• Data for analysis:

************

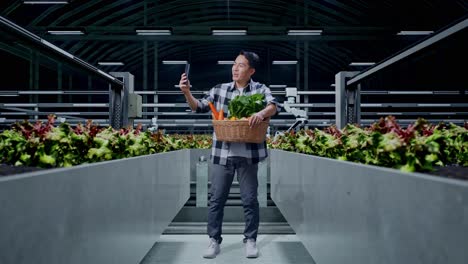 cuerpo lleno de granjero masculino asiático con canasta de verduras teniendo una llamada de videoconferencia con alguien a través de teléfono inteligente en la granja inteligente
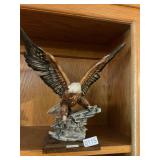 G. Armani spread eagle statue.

************

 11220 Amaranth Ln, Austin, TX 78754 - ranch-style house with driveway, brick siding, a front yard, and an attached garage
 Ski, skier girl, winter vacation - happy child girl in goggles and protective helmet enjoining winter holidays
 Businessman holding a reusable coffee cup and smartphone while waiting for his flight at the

************

• Task to complete: Set down precisely the lines above between the line holding "Ski, skier girl, winter" and the line holding "Businessman holding a", inclusive, and nothing beyond them.

• Answer:
 Ski, skier girl, winter vacation - happy child girl in goggles and protective helmet enjoining winter holidays
 Businessman holding a reusable coffee cup and smartphone while waiting for his flight at the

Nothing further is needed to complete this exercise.